Gatwick airport reopened on Friday after a one-day shutdown but it appears that investigators are no closer to knowing what actually took place.
The Guardian reports that police released and exonerated a couple who had been detained as suspects, while a senior police spokesperson said there is “always a possibility that there may not have been any genuine drone activity in the first place.”
Indeed, the police are reliant on eyewitness accounts — 67 of them, to be precise — to piece together what happened. The BBC reported last week that two drones flying “over the perimeter fence and into where the runway operates from” were spotted by bystanders late Wednesday, with a third reportedly seen on Thursday morning. Runways were shut for around six hours between Wednesday evening and the early hours of Thursday, before a fuller suspension came into effect after the alleged sighting of the third drone.

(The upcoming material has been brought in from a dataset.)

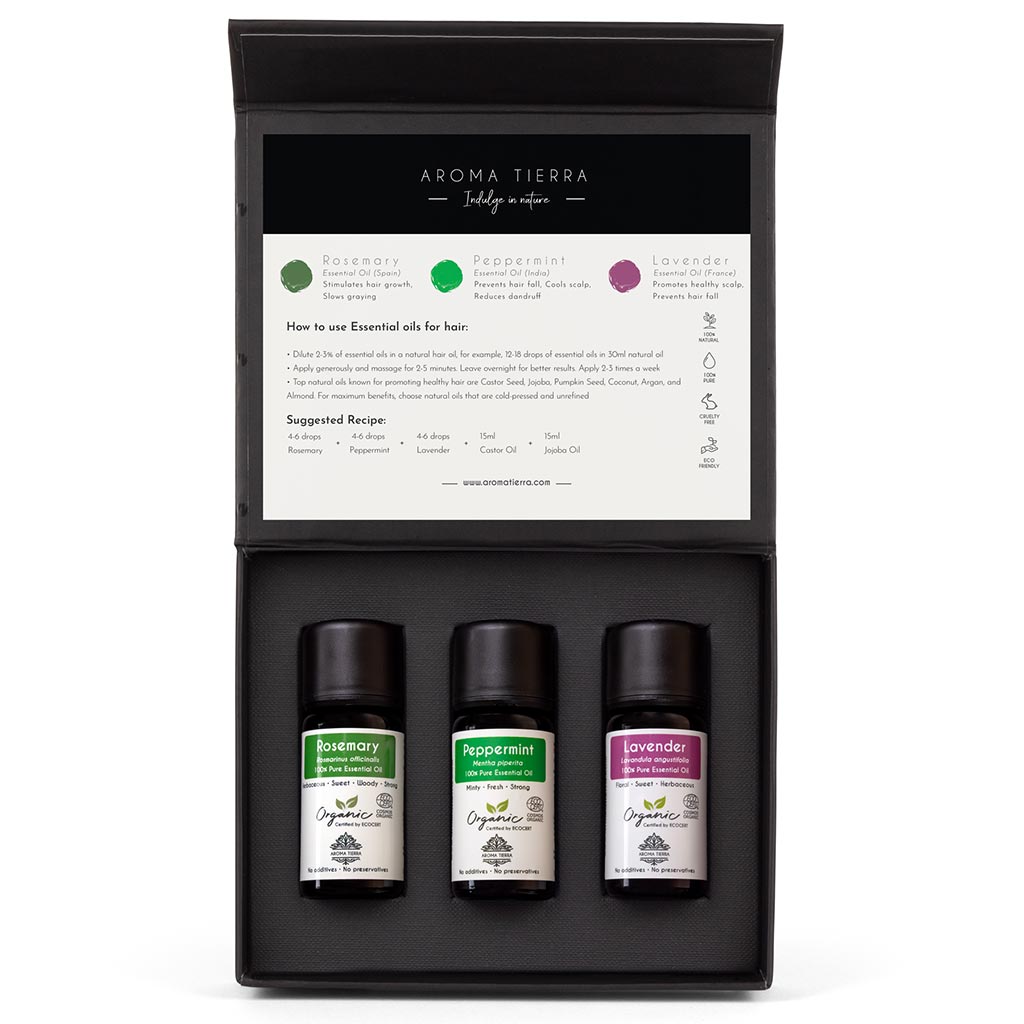 Hair Care Essential Oil Set - with Rosemary, Lavender, Peppermint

Police released suspects Elaine Kirk and Paul Gait on Sunday evening after concluding that they were not responsible for the incident. Their arrest had prompted British newspapers and commentators to berate the pair even before they were charged. The Mail on Sunday shamed them for “ruining Christmas” while TV presenter and former tabloid journalist Piers Morgan was forced to apologize for an earlier tweet that labeled Kirk and Gait as “clowns.”
Despite going down the wrong avenue with the arrest, investigators do have more to work with after they recovered a fallen and damaged drone from the north side of the airport. It is being tested for clues on who piloted it, according to The Guardian.
As we explained last week, the U.K. has specific laws around flying drones near an airport, although it remains unclear exactly what did take place.
The U.K. made amendments to existing legislation this year to make illegal flying a drone within 1km of an airport after a planned drone bill got delayed.
The safety focused tweak to the law five months ago also restricted drone flight height to 400 ft. A registration scheme for drone owners is also set to be introduced next year.
Under current U.K. law, a drone operator who is charged with recklessly or negligently acting in a manner likely to endanger an aircraft or a person in an aircraft can face a penalty of up to five years in prison or an unlimited fine, or both.
Although, in the Gatwick incident case, it’s not clear whether simply flying a drone near a runway would constitute an attempt to endanger an aircraft under the law. Even though the incident has clearly caused major disruption to travelers as the safety-conscious airport takes no chances.